Delhi University Vice Chancellor Yogesh Singh recently voiced his opinion on the removal of certain figures from the syllabus, stating that those who contributed to the division of India should not be included. This statement came after the academic council’s decision to exclude a chapter on Muhammad Iqbal, Pakistan’s national poet, from the political science curriculum. Iqbal, who was born in 1877 in Sialkot in undivided India, gained fame for his notable composition “saare jahan se achha” (better than the entire world). He is often recognized as one of the proponents behind the conception of Pakistan.
During a recent meeting, the academic council of Delhi University made a decision to eliminate the chapter titled ‘Modern Indian Political Thought’ from the sixth-semester paper of the BA program. University officials have stated that the matter will now be presented to the executive council of Delhi University (DU) for a final decision, as reported by PTI.
Vice Chancellor Singh said Iqbal wrote songs supporting the “Muslim League” and the “Pakistan Movement”.
“Iqbal was the first to raise the idea of partition of India and the establishment of Pakistan. Instead of teaching such people, we should study our national heroes.

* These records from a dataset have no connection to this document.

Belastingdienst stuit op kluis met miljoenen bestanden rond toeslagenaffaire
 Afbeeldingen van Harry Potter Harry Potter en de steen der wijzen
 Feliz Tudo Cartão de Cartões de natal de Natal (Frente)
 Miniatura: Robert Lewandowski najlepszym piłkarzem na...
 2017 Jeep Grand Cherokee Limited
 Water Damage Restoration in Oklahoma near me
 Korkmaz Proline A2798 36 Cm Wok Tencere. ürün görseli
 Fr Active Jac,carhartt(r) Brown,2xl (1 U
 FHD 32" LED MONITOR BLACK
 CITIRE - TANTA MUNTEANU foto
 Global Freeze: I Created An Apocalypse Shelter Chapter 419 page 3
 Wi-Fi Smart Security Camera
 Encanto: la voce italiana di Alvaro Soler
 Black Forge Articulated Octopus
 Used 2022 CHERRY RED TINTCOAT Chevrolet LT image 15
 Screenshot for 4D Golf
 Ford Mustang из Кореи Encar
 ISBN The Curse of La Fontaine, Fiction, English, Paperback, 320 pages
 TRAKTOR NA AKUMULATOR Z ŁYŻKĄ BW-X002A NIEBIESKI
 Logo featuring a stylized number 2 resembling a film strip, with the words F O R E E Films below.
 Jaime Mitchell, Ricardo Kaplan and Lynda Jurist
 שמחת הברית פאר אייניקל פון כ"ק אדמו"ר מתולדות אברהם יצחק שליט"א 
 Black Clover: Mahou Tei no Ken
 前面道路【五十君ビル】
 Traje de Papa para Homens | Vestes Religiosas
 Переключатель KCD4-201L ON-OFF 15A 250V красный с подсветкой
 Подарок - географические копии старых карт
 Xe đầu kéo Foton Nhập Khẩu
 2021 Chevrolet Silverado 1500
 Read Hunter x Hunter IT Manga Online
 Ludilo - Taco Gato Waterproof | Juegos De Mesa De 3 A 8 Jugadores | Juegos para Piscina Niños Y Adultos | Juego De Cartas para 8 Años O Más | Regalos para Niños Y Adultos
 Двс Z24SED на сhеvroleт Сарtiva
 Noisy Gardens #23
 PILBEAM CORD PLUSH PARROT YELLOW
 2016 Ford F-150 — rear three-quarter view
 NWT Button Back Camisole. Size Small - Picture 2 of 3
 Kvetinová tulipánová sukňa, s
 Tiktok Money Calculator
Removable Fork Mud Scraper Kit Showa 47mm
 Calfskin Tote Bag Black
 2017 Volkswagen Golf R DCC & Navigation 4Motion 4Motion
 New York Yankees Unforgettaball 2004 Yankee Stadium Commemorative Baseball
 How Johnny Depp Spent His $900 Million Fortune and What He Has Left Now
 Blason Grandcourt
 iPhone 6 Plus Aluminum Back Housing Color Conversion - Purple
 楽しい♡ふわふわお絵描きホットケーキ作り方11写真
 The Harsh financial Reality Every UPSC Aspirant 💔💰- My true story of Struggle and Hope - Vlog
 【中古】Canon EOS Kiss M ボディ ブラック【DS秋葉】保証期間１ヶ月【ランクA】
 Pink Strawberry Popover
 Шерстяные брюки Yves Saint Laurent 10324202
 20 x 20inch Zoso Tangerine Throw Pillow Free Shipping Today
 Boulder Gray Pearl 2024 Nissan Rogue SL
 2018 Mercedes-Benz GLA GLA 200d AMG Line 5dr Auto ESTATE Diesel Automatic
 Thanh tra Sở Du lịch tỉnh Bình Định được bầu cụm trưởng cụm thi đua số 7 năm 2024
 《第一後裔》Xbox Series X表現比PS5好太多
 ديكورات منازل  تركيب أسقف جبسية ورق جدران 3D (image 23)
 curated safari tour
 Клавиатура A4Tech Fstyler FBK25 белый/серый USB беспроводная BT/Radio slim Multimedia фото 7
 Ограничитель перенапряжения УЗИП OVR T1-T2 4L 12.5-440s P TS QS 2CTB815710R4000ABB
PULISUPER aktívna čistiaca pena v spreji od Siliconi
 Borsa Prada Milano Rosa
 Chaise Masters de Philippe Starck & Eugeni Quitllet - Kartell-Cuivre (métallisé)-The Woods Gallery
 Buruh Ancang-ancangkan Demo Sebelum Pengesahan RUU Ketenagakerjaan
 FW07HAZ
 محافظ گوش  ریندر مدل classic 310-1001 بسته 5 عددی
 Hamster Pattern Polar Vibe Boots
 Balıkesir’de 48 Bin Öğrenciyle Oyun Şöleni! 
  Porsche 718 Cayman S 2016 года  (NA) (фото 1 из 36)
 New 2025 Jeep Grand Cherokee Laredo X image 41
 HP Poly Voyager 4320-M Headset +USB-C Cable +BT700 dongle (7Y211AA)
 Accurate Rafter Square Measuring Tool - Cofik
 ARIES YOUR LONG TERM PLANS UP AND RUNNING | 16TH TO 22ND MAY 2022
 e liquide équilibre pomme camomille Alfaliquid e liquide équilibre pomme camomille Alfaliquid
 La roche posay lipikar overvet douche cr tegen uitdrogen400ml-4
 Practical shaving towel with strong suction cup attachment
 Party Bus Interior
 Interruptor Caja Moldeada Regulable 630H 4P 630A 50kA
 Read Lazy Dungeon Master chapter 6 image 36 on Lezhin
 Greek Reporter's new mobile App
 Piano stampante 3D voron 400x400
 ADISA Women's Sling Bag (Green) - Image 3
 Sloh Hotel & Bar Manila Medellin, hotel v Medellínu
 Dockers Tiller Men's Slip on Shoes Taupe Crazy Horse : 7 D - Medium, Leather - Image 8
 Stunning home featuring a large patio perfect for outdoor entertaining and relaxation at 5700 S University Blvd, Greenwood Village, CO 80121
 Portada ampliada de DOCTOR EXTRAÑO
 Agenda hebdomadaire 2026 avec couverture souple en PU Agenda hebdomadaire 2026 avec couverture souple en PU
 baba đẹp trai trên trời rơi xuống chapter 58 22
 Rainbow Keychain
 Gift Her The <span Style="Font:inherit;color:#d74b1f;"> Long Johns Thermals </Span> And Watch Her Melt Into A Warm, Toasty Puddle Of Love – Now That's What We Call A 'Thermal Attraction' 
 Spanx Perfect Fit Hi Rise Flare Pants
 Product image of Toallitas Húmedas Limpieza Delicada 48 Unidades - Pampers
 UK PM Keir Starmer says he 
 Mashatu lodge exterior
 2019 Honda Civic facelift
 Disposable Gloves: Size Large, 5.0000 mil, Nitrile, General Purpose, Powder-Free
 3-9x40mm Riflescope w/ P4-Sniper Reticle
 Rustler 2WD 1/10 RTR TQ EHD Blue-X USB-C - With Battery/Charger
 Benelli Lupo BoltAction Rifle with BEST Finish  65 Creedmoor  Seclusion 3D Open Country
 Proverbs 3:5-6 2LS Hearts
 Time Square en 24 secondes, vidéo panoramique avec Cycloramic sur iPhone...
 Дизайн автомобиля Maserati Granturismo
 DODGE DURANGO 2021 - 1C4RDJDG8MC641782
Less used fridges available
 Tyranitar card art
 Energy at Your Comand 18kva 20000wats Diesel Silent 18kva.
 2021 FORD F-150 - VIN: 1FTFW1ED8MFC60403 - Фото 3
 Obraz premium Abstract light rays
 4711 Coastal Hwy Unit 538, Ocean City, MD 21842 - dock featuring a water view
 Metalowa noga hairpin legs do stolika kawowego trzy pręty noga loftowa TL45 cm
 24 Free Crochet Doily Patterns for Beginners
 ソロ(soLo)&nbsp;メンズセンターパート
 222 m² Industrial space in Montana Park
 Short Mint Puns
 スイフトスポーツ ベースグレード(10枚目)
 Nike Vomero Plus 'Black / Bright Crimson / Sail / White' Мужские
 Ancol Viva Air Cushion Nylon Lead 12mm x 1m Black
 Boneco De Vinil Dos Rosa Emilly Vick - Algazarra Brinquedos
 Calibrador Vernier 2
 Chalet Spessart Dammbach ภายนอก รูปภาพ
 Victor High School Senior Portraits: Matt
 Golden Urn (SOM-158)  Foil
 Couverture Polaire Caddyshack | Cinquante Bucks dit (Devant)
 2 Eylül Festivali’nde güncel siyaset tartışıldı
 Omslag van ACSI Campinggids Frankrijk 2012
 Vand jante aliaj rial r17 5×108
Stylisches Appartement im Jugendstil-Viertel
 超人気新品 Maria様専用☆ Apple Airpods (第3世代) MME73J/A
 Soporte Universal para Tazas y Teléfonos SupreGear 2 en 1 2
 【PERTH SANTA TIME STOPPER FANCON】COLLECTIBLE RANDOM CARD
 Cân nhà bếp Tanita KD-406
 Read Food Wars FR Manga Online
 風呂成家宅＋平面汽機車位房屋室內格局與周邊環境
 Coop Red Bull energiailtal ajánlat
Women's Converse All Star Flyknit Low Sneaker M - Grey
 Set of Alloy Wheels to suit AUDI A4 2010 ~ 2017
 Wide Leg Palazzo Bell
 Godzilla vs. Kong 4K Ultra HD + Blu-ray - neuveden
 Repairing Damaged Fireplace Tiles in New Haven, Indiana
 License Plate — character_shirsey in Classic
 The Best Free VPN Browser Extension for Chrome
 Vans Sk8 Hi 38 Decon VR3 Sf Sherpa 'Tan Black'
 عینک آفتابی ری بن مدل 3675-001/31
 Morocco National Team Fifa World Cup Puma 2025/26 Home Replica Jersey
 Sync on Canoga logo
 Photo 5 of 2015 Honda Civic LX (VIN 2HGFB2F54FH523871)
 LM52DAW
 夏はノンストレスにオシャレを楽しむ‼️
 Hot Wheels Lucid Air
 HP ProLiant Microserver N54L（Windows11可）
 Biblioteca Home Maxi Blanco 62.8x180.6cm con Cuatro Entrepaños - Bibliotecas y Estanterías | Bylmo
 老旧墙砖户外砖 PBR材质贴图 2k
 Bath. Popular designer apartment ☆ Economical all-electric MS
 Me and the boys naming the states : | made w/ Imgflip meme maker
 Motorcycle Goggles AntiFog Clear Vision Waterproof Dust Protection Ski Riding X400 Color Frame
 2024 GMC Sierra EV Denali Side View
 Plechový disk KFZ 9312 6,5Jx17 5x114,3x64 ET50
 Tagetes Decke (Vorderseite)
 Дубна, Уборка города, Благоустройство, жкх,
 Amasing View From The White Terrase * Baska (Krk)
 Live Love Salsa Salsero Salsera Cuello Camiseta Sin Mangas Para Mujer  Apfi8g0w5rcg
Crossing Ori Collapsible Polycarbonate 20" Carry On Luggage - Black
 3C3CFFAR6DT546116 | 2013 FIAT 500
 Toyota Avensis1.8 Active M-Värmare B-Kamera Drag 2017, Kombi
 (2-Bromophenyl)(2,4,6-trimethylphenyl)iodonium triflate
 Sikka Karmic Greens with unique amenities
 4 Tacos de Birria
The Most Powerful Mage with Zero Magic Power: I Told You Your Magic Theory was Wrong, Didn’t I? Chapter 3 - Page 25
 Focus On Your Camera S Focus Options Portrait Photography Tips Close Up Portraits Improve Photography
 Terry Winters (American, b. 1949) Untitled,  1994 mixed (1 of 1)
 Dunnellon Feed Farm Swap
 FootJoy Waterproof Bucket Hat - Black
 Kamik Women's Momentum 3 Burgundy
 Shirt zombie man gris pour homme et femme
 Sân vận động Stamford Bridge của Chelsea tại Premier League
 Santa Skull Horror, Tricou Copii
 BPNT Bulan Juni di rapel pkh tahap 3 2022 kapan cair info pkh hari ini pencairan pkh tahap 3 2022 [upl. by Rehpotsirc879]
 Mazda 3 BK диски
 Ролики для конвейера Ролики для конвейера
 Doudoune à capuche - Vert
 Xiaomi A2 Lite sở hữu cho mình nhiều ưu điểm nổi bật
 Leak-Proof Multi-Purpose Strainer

Those who laid the foundation to break India should not be in the syllabus,” the vice chancellor (VC) said, after meeting. The university said the VC’s proposal was unanimously passed by the academic council.
In the meeting that ended around 1:20 am on Saturday, the syllabus for the fourth, fifth and sixth semesters of various courses under the Undergraduate Curriculum Framework (UGCF) 2022 was passed, it said.
In addition to the removal of the chapter, the meeting also reviewed the recommendations put forth by the standing committee regarding the proposed BA course by the philosophy department. These recommendations were unanimously approved, with the head of the department in agreement, as stated by the university.
In a recent meeting, the academic council of Delhi University made significant decisions. The philosophy department’s BA courses on “Philosophy of Dr Ambedkar,” “Philosophy of Mahatma Gandhi,” and “Philosophy of Swami Vivekananda” were approved, while the Vice Chancellor also encouraged the inclusion of Savitribai Phule in the curriculum. The head of the economics department was advised to prepare a paper on Dr BR Ambedkar’s economic thoughts, emphasizing the study of Indian, US, and European economic models.
Furthermore, the council approved the introduction of three new B.Tech programs in computer science and engineering, electronics and communication engineering, and electrical engineering, set to commence in the academic session 2023-2024. The Udmoday Foundation’s “University of Delhi Innovation and Startup Policy” also received approval. Additionally, two new five-year LLB courses were sanctioned, along with the establishment of the Center for Independence and Partition Studies. The center aims to research lesser-known heroes, events, and the impact of the Partition, including recording oral histories of those affected.
Approval was granted for the creation of a multi-disciplinary Tribal Studies Center, focusing on various tribes in India, their social, cultural, linguistic, religious, and economic aspects, as well as the contributions of tribal leaders throughout history. The center aims to uncover unsung heroes, document folk traditions, and examine the role of tribal leaders in India’s freedom struggle.
The academic council also gave the go-ahead for the Integrated Teacher Education Program (ITEP), a four-year pilot project, aimed at post-secondary education or following the structure outlined in the National Education Policy-2020 (5+3+3+4). However, six council members dissented, expressing concerns about lack of consultation with teachers and bypassing relevant committees.
In the zero-hour session, various issues were raised, including concerns about displaced temporary and ad hoc teachers, as well as opposition to a Delhi University notification regarding college timings, which allegedly lacked discussion with the academic and executive councils.